An average, or mean, only tells a partial story without the standard deviation of the distribution. I have to agree with Not From Here that 5 points, a two-tenths of a percent increase, doesn’t seem like very much. However, if the annual increase has only been at most 1 or 2 points for the last ten years, 5 would be quite something.
Note to The Dagger editors; it would help if you had a link to the raw data in stories like this.
I’m not saying I don’t agree with you that these ‘gains’ aren’t anything I’d be partying about. I’m just saying that statistically speaking, with the sample size of over 46,000, a difference of 5 points in the mean is statistically significant. So technically Grasmick and O’Malley can claim that MD students have made a significant improvement over last year’s scores, and they’ll have a statistical analysis to back up the claim, if you just blindly look at the numbers that are spit out. Then again with that large of a sample size, almost any increase could be considered statistically significant without lowering the significance level too much if any at all.
You know they’re really pushing things when you read that critical reading “jumped one point.” Did one point really require a jump? I think maybe a stumble would get you one point or maybe even a random movement.

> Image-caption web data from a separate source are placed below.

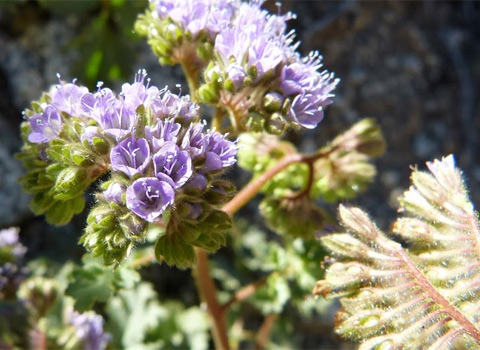 Specter Phacelia Phacelia pedicellata anza borrego by fred melgert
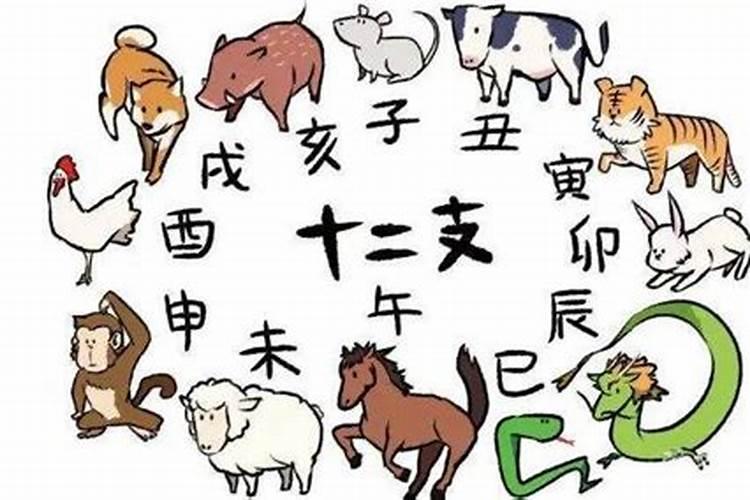 猿代表什么生肖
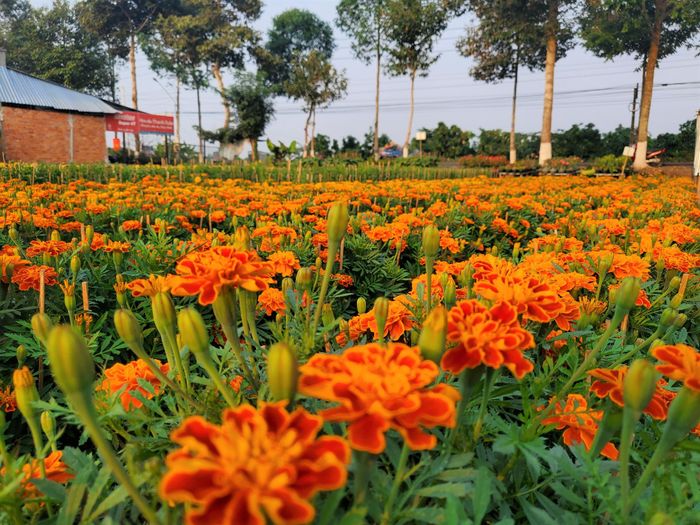 Những chậu vạn thọ ban mai rực rỡ tại nhà vườn Năm Rớt chuẩn bị ra thị trường - Ảnh: Kim Hà.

I think 5 points is significant when you consider how much extra studying it could take for someone to increase their score enough to hit their target back when you were in school. It’s good to hear that there was an increase, even of 5 points. It wasn’t that long ago when they reported that scores were down in Maryland if I remember correctly (2 years ago or something like that) or was it just Harford County; one of them. Sure they’re sensationalizing it a bit, but it wouldn’t be true to news as we know it if they didn’t.